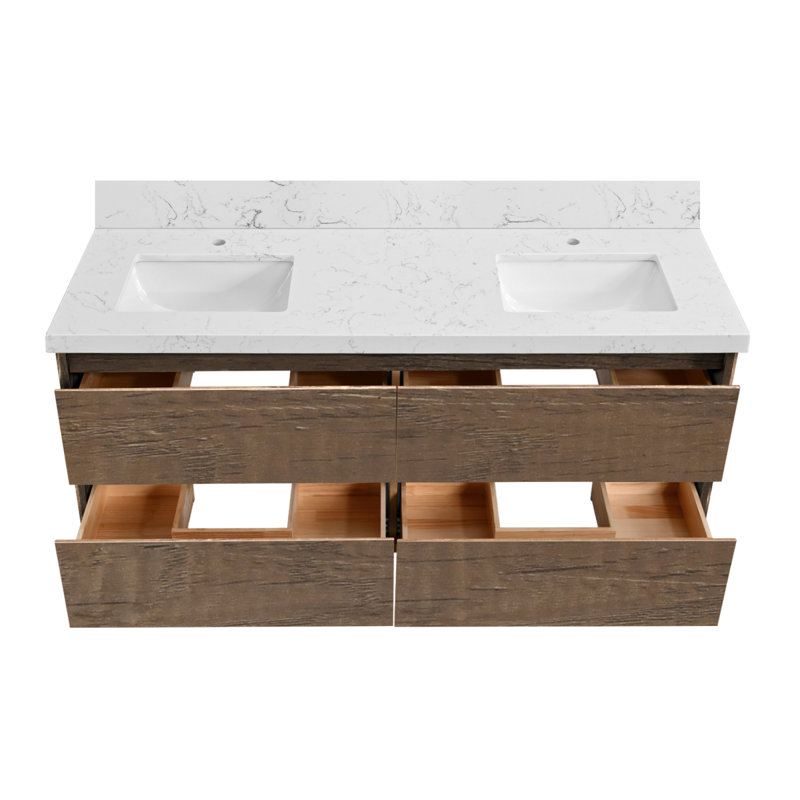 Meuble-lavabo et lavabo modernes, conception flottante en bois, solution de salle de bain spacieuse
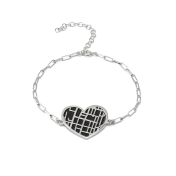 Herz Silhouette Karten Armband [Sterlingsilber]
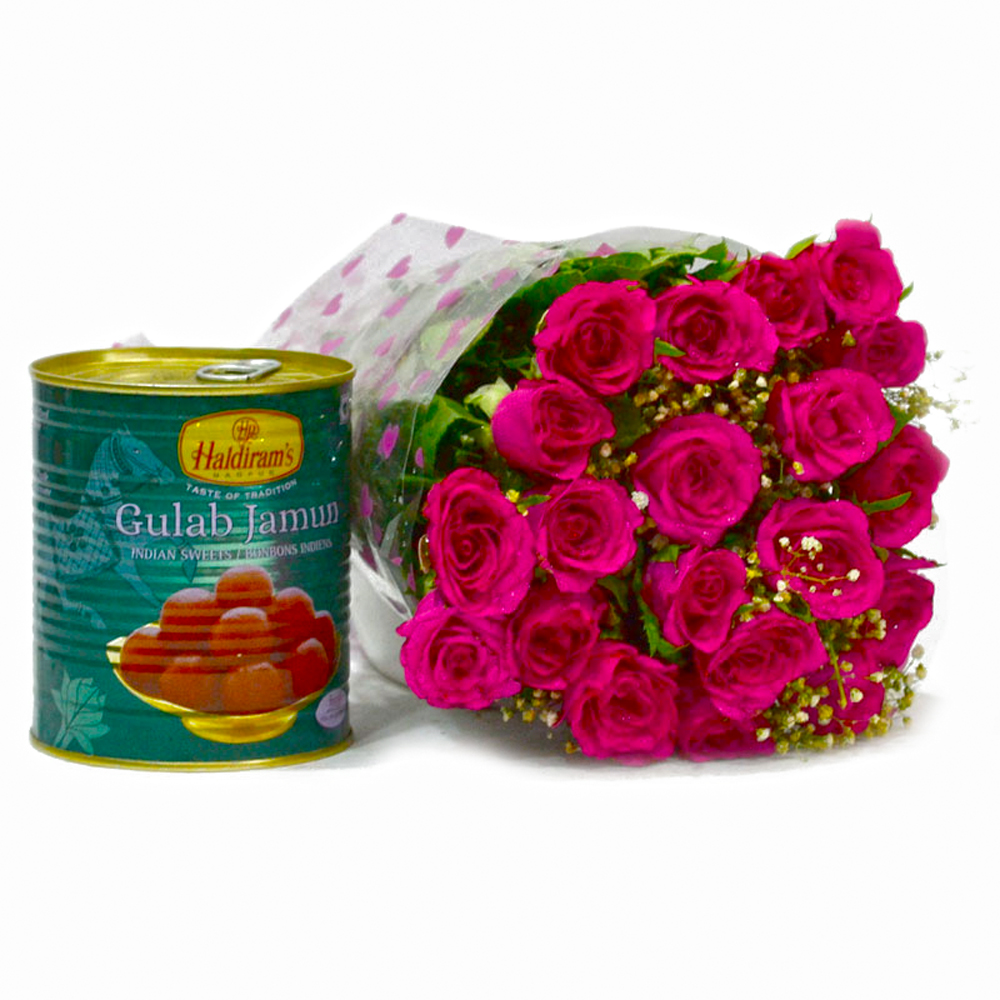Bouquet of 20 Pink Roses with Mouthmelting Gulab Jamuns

> [EXERCISE GOAL] Reproduce the lines above letter for letter. The pictures stay behind.

> [OUTPUT OF THE EXERCISE]
 Meuble-lavabo et lavabo modernes, conception flottante en bois, solution de salle de bain spacieuse
 Herz Silhouette Karten Armband [Sterlingsilber]
Bouquet of 20 Pink Roses with Mouthmelting Gulab Jamuns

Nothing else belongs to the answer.